- Source material:
******************************
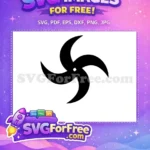 Free Ninja Star Free Black Shuriken Ninja Turtles Free SVG 2 - Instant Download
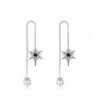 Zirconia Threader Earrings Artificial Jewelry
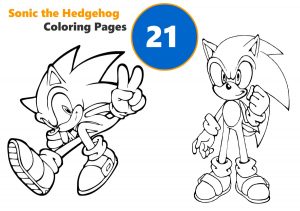 21 Printable Sonic the Hedgehog Coloring Pages for Kids All Characters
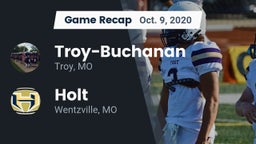 Recap: Troy-Buchanan  vs. Holt  2020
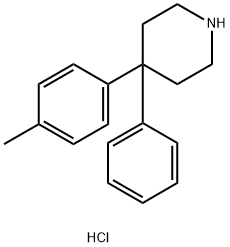 4-苯基-4-(对甲苯基)哌啶盐酸盐 结构式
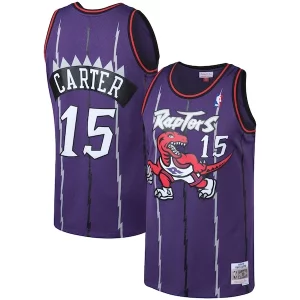 Cool Robusto Vince Carter Toronto Raptors 1998/99 Big & Tall Hardwood Classics Swingman Jersey Purple/White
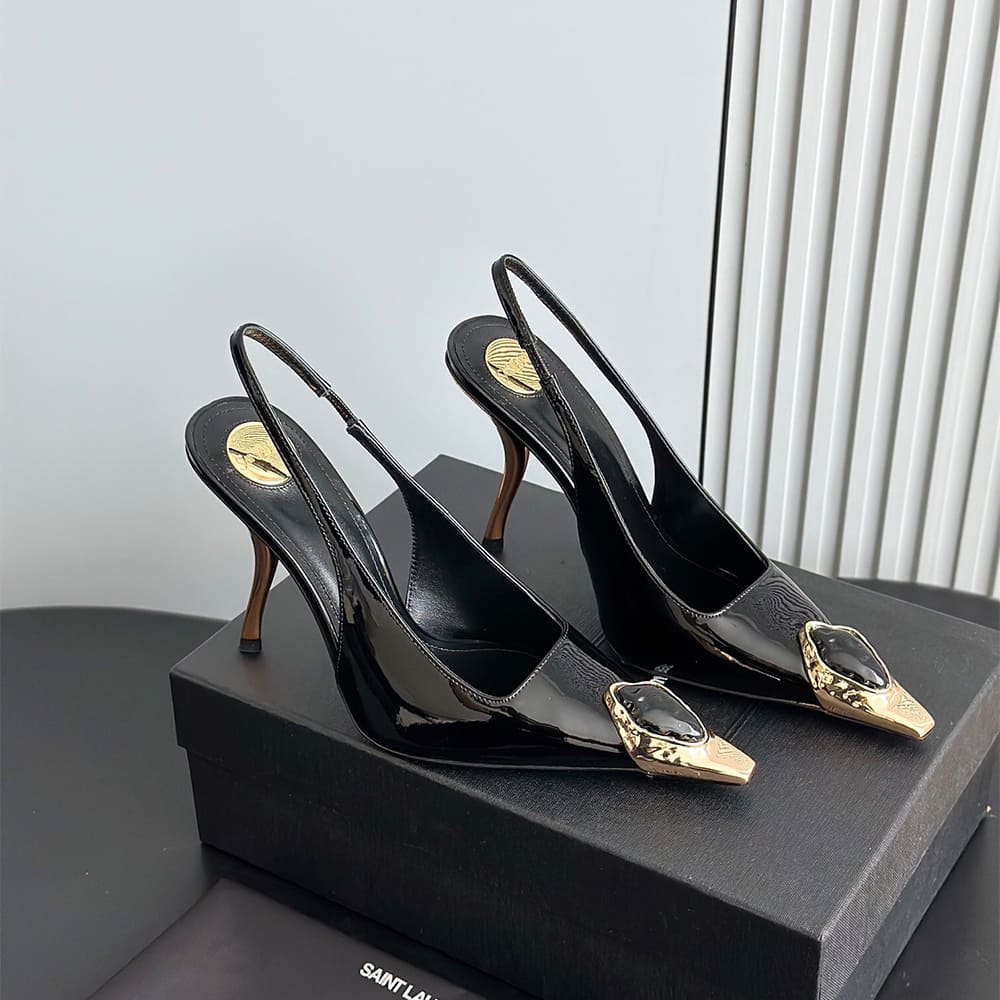Y51 Loulou Slingback Pumps in Patent Leather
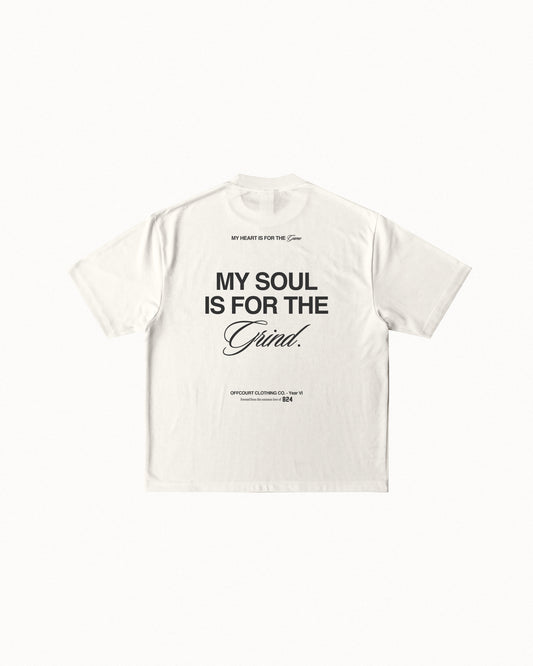 Year VI "Determination" Off-white Graphic Tee
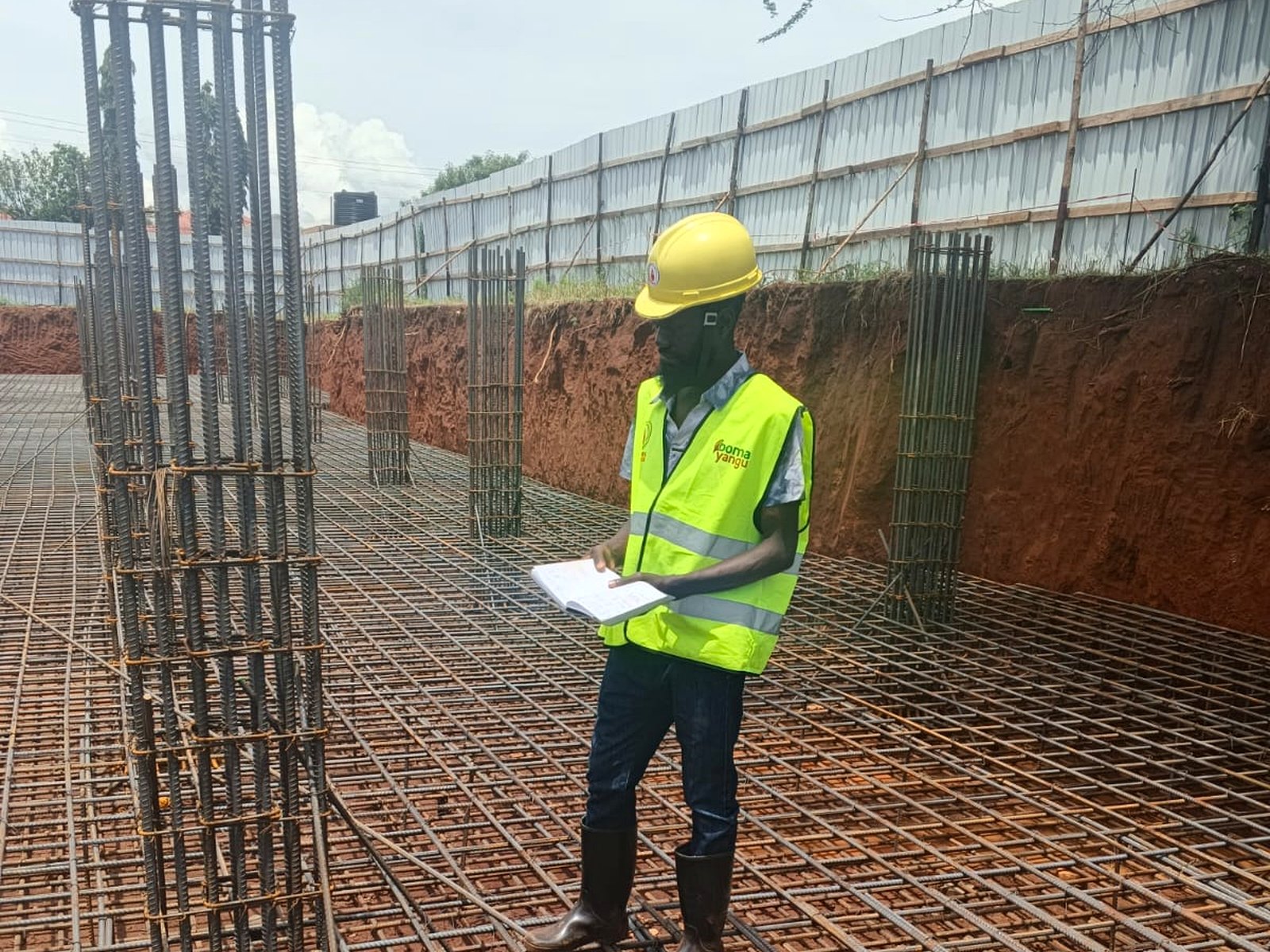 BuildGuard field inspection in Kenya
******************************
The answer is to be the lines from the line that contains "4-苯基-4-(对甲苯基)哌啶盐酸盐 结构式" through the last line of the material, retyped exactly, both included, with pictures left out, please.

 4-苯基-4-(对甲苯基)哌啶盐酸盐 结构式
 Cool Robusto Vince Carter Toronto Raptors 1998/99 Big & Tall Hardwood Classics Swingman Jersey Purple/White
Y51 Loulou Slingback Pumps in Patent Leather
 Year VI "Determination" Off-white Graphic Tee
 BuildGuard field inspection in Kenya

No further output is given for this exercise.